Below are the functional components implement so far for the STIX-D Corpus Builder:

Clex Importer

clex_importer.py handles importing the ACE Common Lexicon (Clex) into the STIX-D Corpus Database, parsing the content, and saving lexical entries into the database.

Lexicon Manager

lexicon_manager.py manages the processing of lexical entries and creation of lexicon objects in the database.

Sentence Manager

sent_manager.py manages the processing of sentences and creation of sentence objects in the database.

Document Scraper

doc_scrapper.py manages fetching and processing HTML documents, converting them to markdown.

Document Manager

doc_manager.py manages the processing of documents and creation of document objects in the database.

STIX Importer

stix_importer.py handles importing STIX objects into the STIX-D Corpus Database, parsing the content, and saving descriptions into the database.

MySQL Repository

mysql_repository.py provides the MySQL database implementation for Create, Read, Update, and Delete (CRUD) operations in the repository.

Repository Abstraction

repository.py defines the abstract repository interface, and mysql_repository.py provides the MySQL database implementation for CRUD operations.

UUID Generation

gen_uuid.py and gen_clex_uuid.py handle generating UUIDs for STIX objects and Clex entries, respectively.

Testing

Unit tests are located in the tests directory, utilizing pytest to ensure the functionality of various components.

Flask API

app.py contains a simple Flask API for interacting with the STIX-D Corpus Database.

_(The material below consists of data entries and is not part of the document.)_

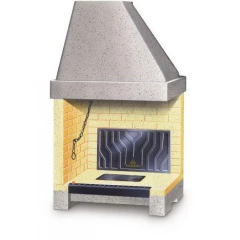 Каминная топка PALAZZETTI f76
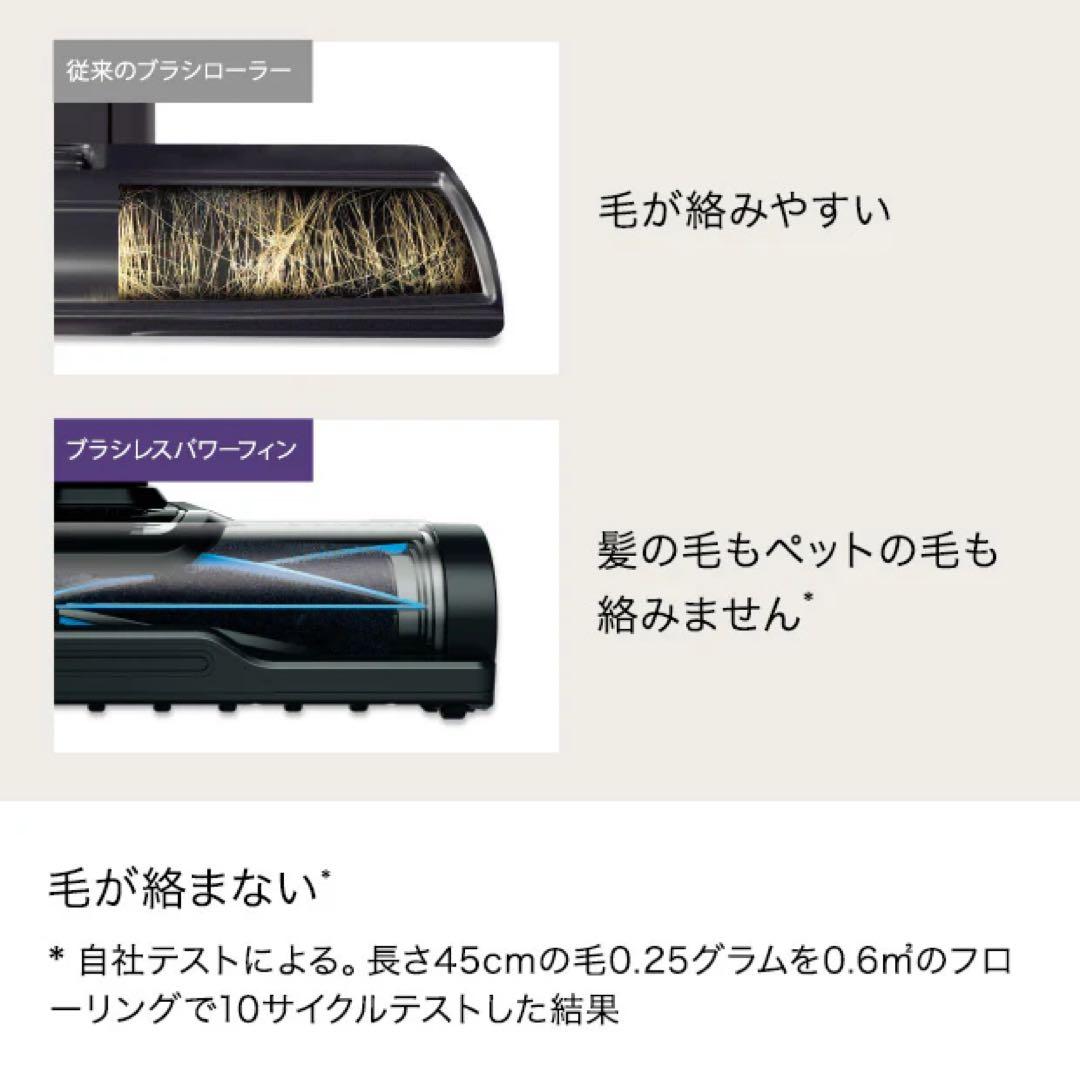 Shark スティッククリーナー　CS150JAE26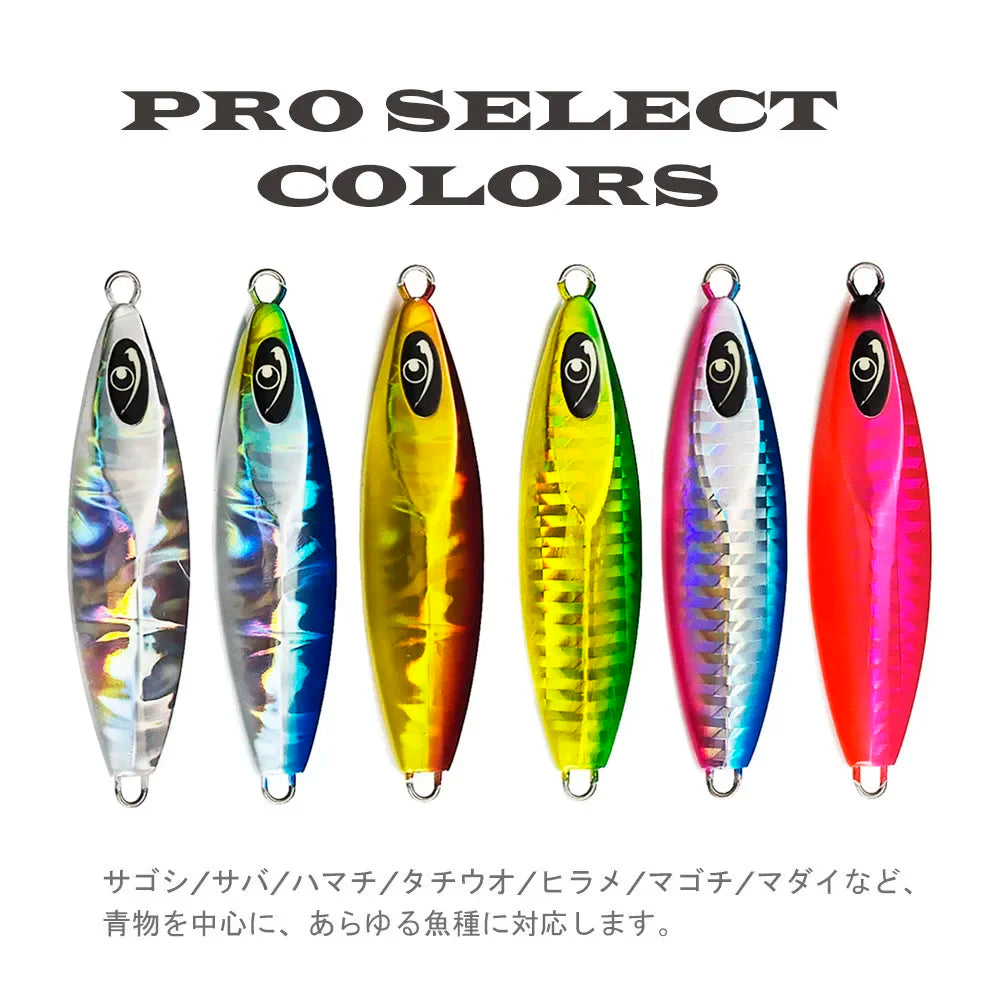 パワージグ 40g COUNTBASS / カウントバス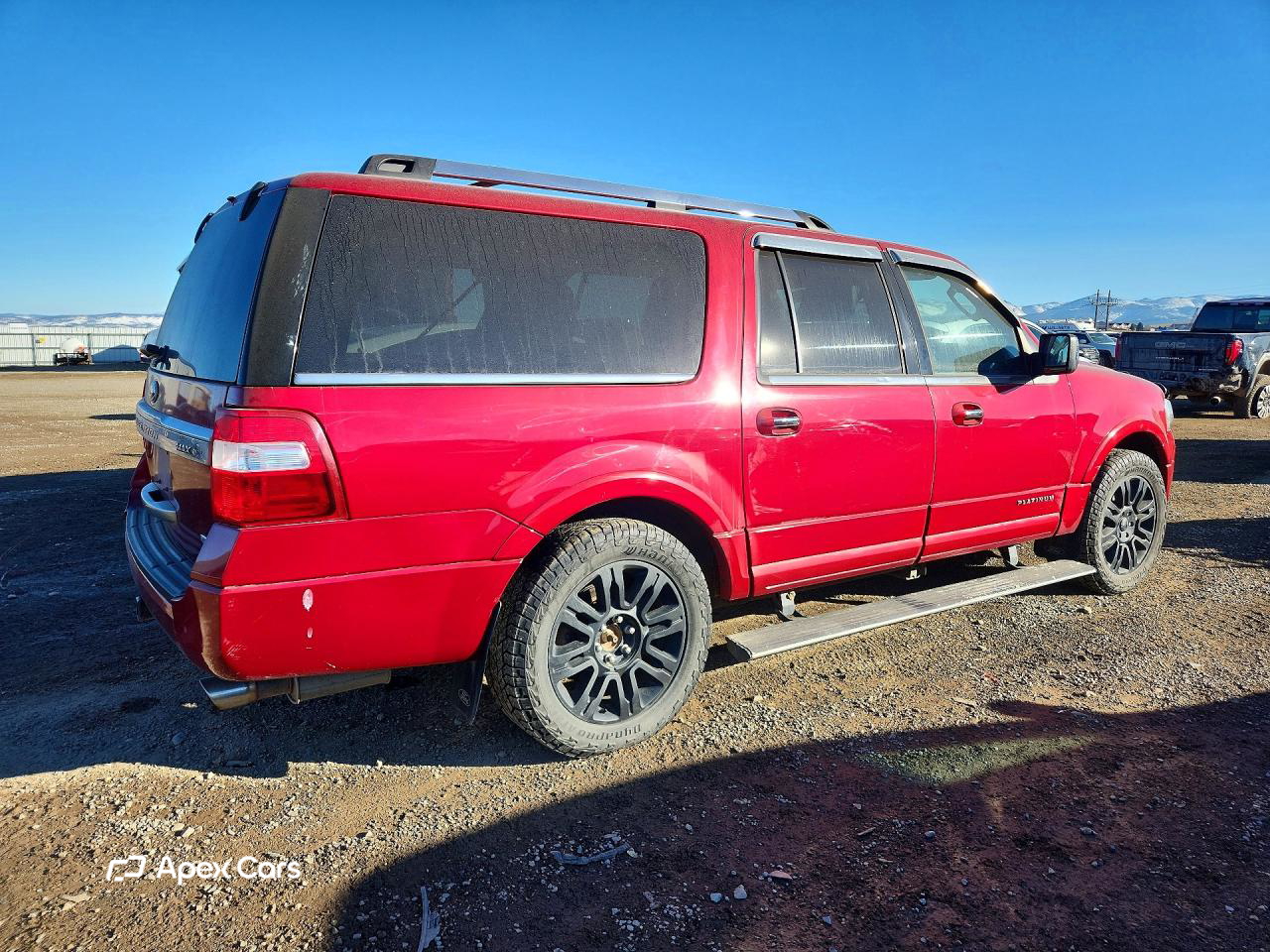Ford Expedition 2016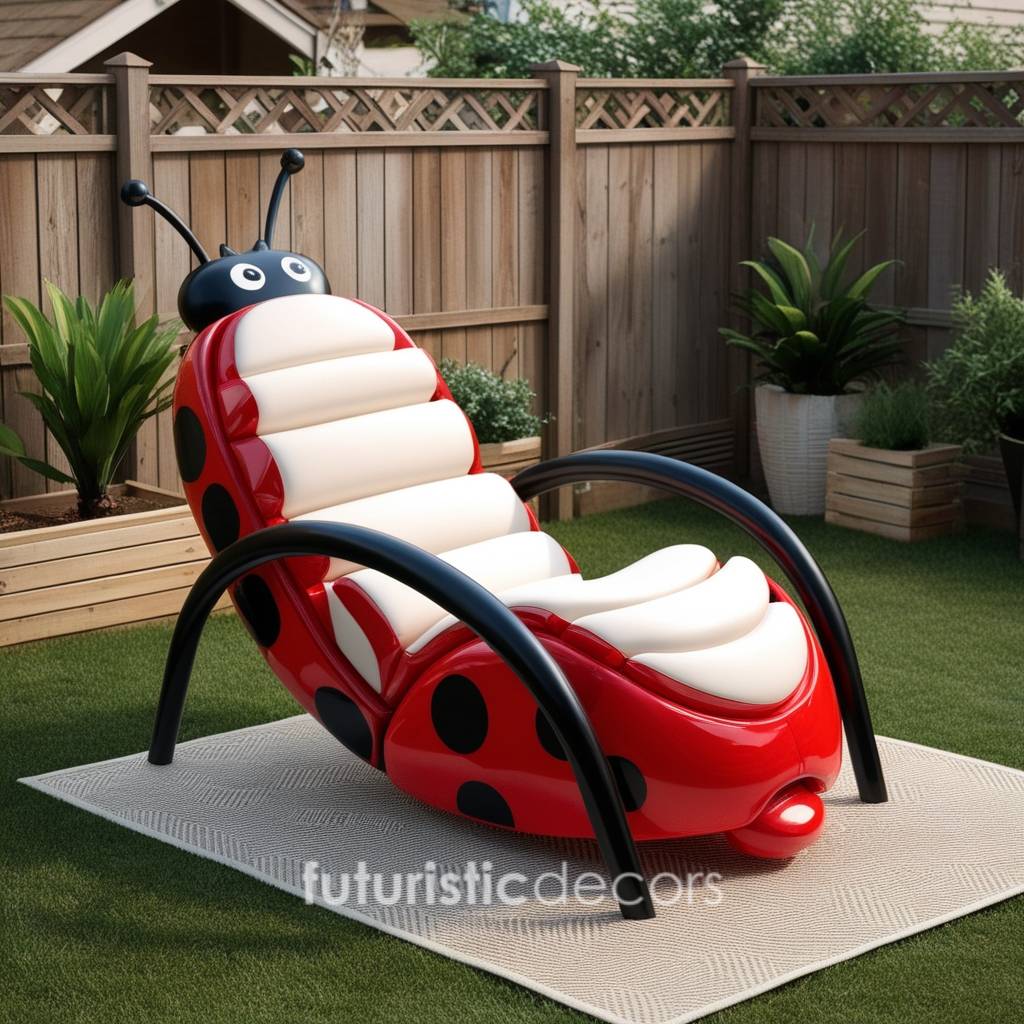 Insect Sun Loungers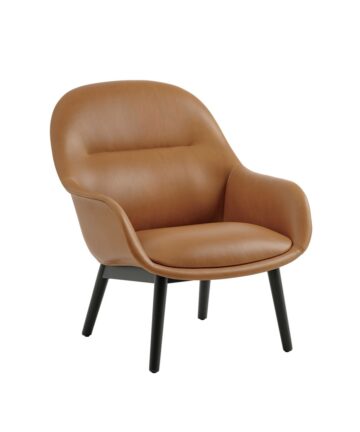 High seating comfort with built in armrest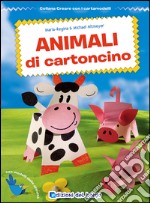 Animali di cartoncino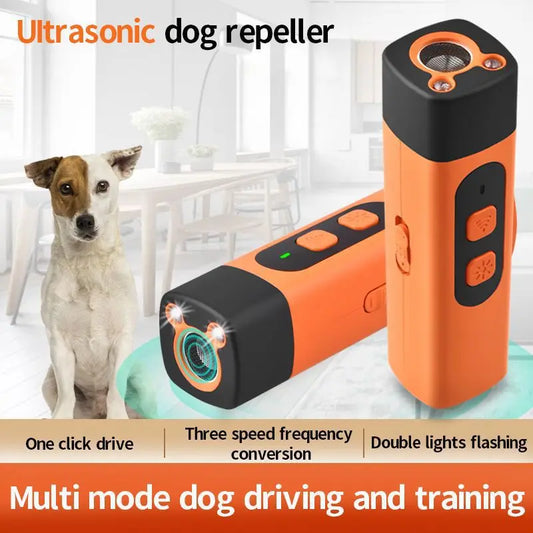 SilentGuard Rechargeable Dog Trainer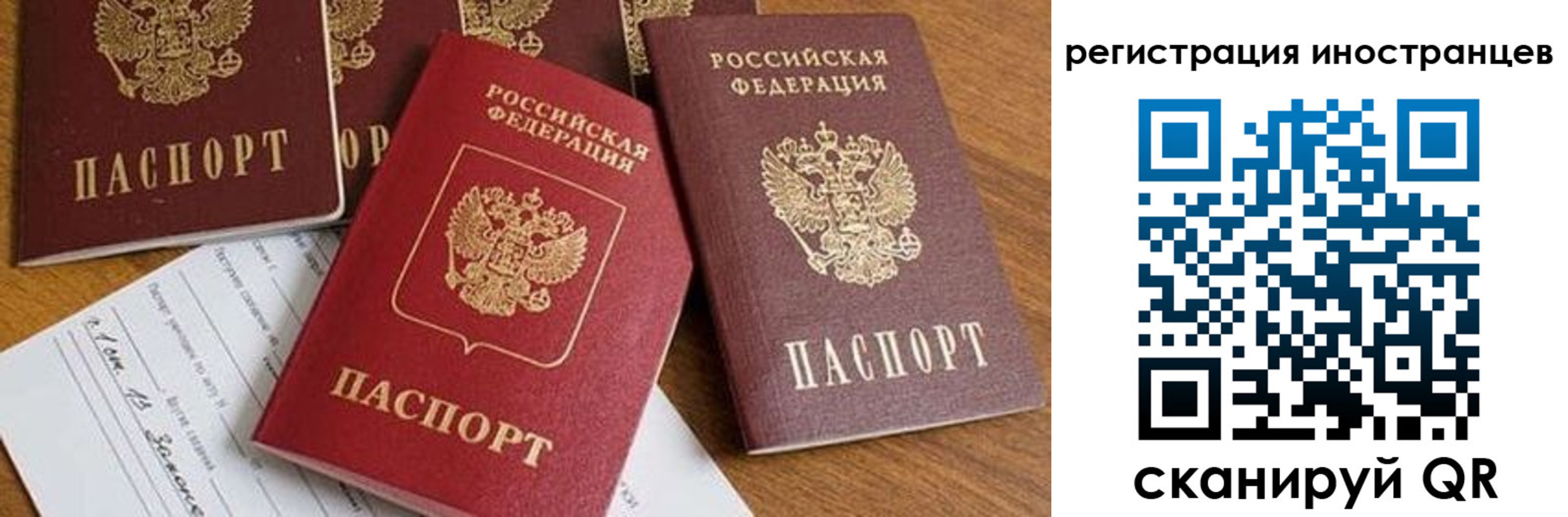 временная регистрация для всех в Хабаровском крае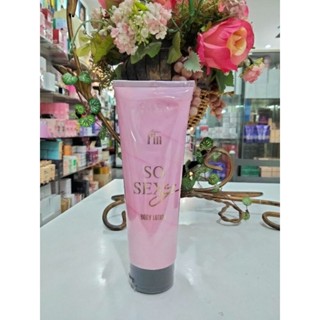 Madame fin โลชั่นน้ำหอม So sexy 100 ml.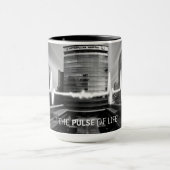 Mug Le pouls de la vie : l'innovation rencontre les so (Centre)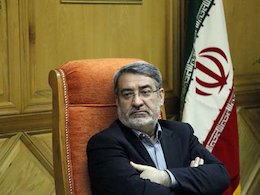 وزیر کشور از روند اجرای طرح "مکنا" در استان فارس بازدید کرد رحمانی فضلی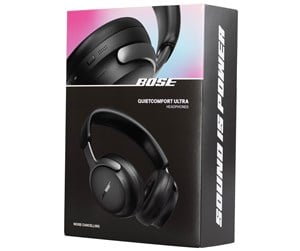 Hodetelefoner - Bose QuietComfort Ultra - Black - 880066-0100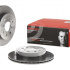 Brzdový kotouč BREMBO 09.9728.11 Brzdový kotouč BREMBO 09.9728.11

Table 1. List of Related Third-Party Repositories

No. Repository Description
1. APE ACE Parser Engine (APE)
2. attack-stix-data MITRE ATT&CK dataset represented in STIX 2.1 JSON collections.
3. Clex ACE Common Lexicon
4. cti-pattern-validator A software tool for checking the syntax of the Cyber Threat Intelligence (CTI) STIX Pattern expressions
5. cti-python-stix2 Python APIs for serializing and de-serializing STIX2 JSON content, along with higher-level APIs for common tasks, including data markings, versioning, and for resolving STIX IDs across multiple data sources.
6. cti-stix2-json-schemas JSON schemas and examples for STIX 2
7. cti-stix-validator The STIX Validator checks that STIX JSON content conforms to the requirements specified in the STIX 2.1 specification.